Data Breach Roundup (June 19-25)
Klue hack results in data breach at several cybersecurity firms
An update to a story from last week: "marketing intelligence provider" Klue suffered a data breach that allowed attackers to steal data from the company's customers, such as HackerOne, OneTrust, Jamf, and many more. The stolen data appears to primarily be Salesforce databases and similar formats, including data like names, email addresses, phone numbers, job titles, and some account information of their customers, according to the various affected companies. It's worth noting that Klue's announcement of the incident included a noindex tag to prevent it from showing up in search engines.

LastPass confirms data breach in Klue supply chain attack
LastPass is one of the first companies to admit to falling victim downstream to the Klue breach. Exposed data included customer names, phone numbers, mail addresses, physical addresses, support case information, and sales/CRM-related data. It's unclear how many individuals or records were impacted.

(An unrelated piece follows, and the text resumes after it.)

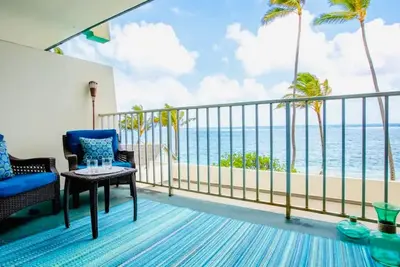 Image de Cozy oceanfront 1-bedroom condo with WiFi, and access to sandy beach.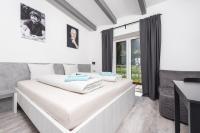 Triple Room with Mountain View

Healthtech firm Xolis suffers data breach impacting 1.4 million people
Xolis is a US-based company "that develops AI-powered software used by more than 600 hospitals and health insurers for utilization management, medical necessity reviews, patient status determinations, discharge planning, and reimbursement decisions." This breach was the result of a phishing attack in January and impacted names, addresses, dates of birth, health insurance information, Social Security numbers, and medical treatment information.

Meta's Keystroke-Logging Employee AI Training Program on Pause After Internal Data Leak
A few weeks ago, Meta announced what was effectively a keylogger on all employee's work computers to help better train AI with tasks like general navigation of a desktop environment. Predictably with Meta's comically long list of data breaches in their past, this has resulted in an internal leak exposing keystrokes, private conversations, and transcripts.
Polymarket says hackers stole users’ funds
Gambling app Polymarket has fallen victim to a supply chain attack in which a third-party breach impacted their users. The incident was the result of a phishing campaign and caused about $3 million in cryptocurrency losses. Polymarket says it is reimbursing impacted users.

Nearly a million passports just exposed on the public internet—and anyone could access them with a simple URL
This appears to be a collection of exposed databases from around Europe. It was discovered by The Verge and remained online for months before being taken down. It's unclear if anyone malicious accessed the documents during this window, but we always advocate for assuming the worst in these cases.